Below, the CreateTask takes an argument for the # you want it to display when running (just for demo, to see which thread is doing what), and a string to tell it whether you want a new Producer of Consumer. Sure, I could have made it more complex, but this is just a rough draft. :)
Private Function CreateTask(taskId As Integer, taskType As String) As CancellationTokenSource
Dim t As Task = Nothing
Dim cts As New CancellationTokenSource()
Dim token As CancellationToken = cts.Token
Try
If taskType.ToLower = "producer" Then
t = Task.Factory.StartNew(Sub() Producer(taskId, token), token, TaskCreationOptions.LongRunning)
ProducerCTSs.Add(cts)
ElseIf taskType.ToLower = "consumer" Then
t = Task.Factory.StartNew(Sub() Consumer(taskId, token), token, TaskCreationOptions.LongRunning)
ConsumerCTSs.Add(cts)
Else
End If
Console.WriteLine("{0} Task {1} ({2}) running!", taskType, taskId.ToString("000"), t.Id)
Catch ex As Exception
Console.WriteLine("Task {0} CreateTask({1}) Exception: ", taskId.ToString("000"), taskType & ex.StackTrace)
End Try
Return cts
End Function
#End Region
Line 7 & 10: These call the Producer() or Consumer() classes below, passing them the CancellationTokenSource needed to let them be able to elegantly be cancelled while running without corrupting any data.
t = Task.Factory.StartNew(Sub() Producer(taskId, token), token, TaskCreationOptions.LongRunning)
Did you notice TaskCreationOptions.LongRunning? That is good in my case, and it improves performance by telling the program to not worry so much about wating what happens for cancellations too closely.
So what does a Producer() class look like?
#Region "Producer(s)"
Public Sub Producer(ByVal taskNum As Integer, ByVal ct As CancellationToken)

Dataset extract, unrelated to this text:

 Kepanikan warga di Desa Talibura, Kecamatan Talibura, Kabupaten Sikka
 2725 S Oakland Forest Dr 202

' Was cancellation already requested?
If ct.IsCancellationRequested = True Then
Console.WriteLine("Producer Task {0} was cancelled before Producer thread created!", taskNum.ToString("000"))

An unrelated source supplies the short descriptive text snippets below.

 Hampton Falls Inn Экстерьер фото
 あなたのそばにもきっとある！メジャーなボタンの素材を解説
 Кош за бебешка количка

ct.ThrowIfCancellationRequested()
End If
'
'Dim r As Random = New Random(123)
Dim sw As New Stopwatch
Dim numAdded As Integer = 0
sw.Start()
While moreItemsToAdd = True
' Dim itemIn As Integer = r.Next(1, 1000)
itemId += 1 ' the payload
Try
bc.Add(itemId)
Console.WriteLine("--> " & taskNum.ToString("000") & " --> [+1 => Q has: " & bc.Count & "] added: " & itemId)
numAdded += 1
If ct.IsCancellationRequested Then
Console.WriteLine("Producer Task {0} cancelled", taskNum.ToString("000"))

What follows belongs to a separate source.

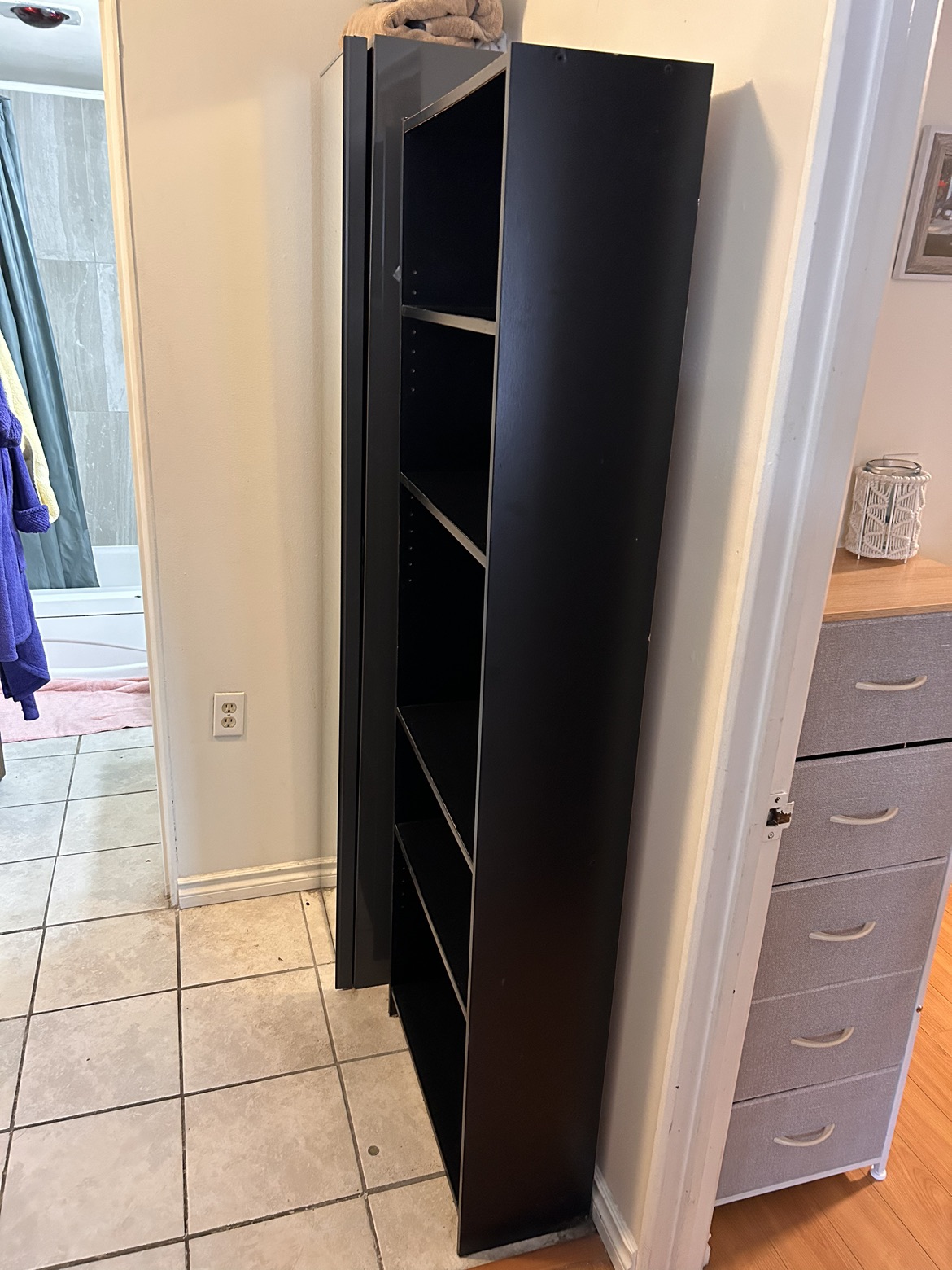Black IKEA bookshelf - photo 2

ct.ThrowIfCancellationRequested()
End If
Thread.Sleep(sleepProducer)
Catch ex As OperationCanceledException
Console.WriteLine("Task " & taskNum.ToString("000") & " cancelling by request!")
Exit While
Catch ex As Exception
Console.WriteLine("Producer() Exception: " & ex.StackTrace)
End Try
If bc.Count >= itemsToProduce Then
moreItemsToAdd = False
End If
End While
sw.Stop()
' Let consumer know we are done.
Console.WriteLine("Producer stopped adding items! Added " & numAdded & " items in " & sw.Elapsed.TotalSeconds & " seconds!")
bc.CompleteAdding()
End Sub
#End Region
I know, I know... it looks complicated! But really it isn't. I'm not that smart! 1/2 the code is just to catch & handle the cancellation requests so that the processing doesn't corrupt any data. That, and a cheesy StopWatch() to time things... And yes, there are artifacts of earlier versions still commented out. Like I said "ROUGH"...
Line 17: Simply adds the itemId (our payload, could be anything) to the BlockingCollection (bc).
Line 20: If a cancellation, we take care of it here, and not a random part of the function, which would likely corrupt all kinds of things...
Line 31: I added this as a cheesy way to tell the Producers when to stop ...producing. This variable (limit) is set at the top of the code.
Line 38: bc.CompleteAdding() - This is a signal to everyone using the bc (BlockingCollection) that there will be no more items added. This way, the consumers know when to stop ...consuming!
"Why would they want to do that?"
Well, suppose you wanted a short-running task, or tasks, and needed to know they were done in order to continue... Yes, in my case, they are long-running, and in production I'll be starting each task with "TaskCreationOptions.LongRunning"
The Consumer() class is almost identical, with just a few tiny differences:
#Region "Consumer(s)"
Public Sub Consumer(ByVal taskNum As Integer, ByVal ct As CancellationToken)
If ct.IsCancellationRequested = True Then ' Was cancellation already requested?
Console.WriteLine("Consumer Task {0} was cancelled before Consumer thread created!", taskNum.ToString("000"))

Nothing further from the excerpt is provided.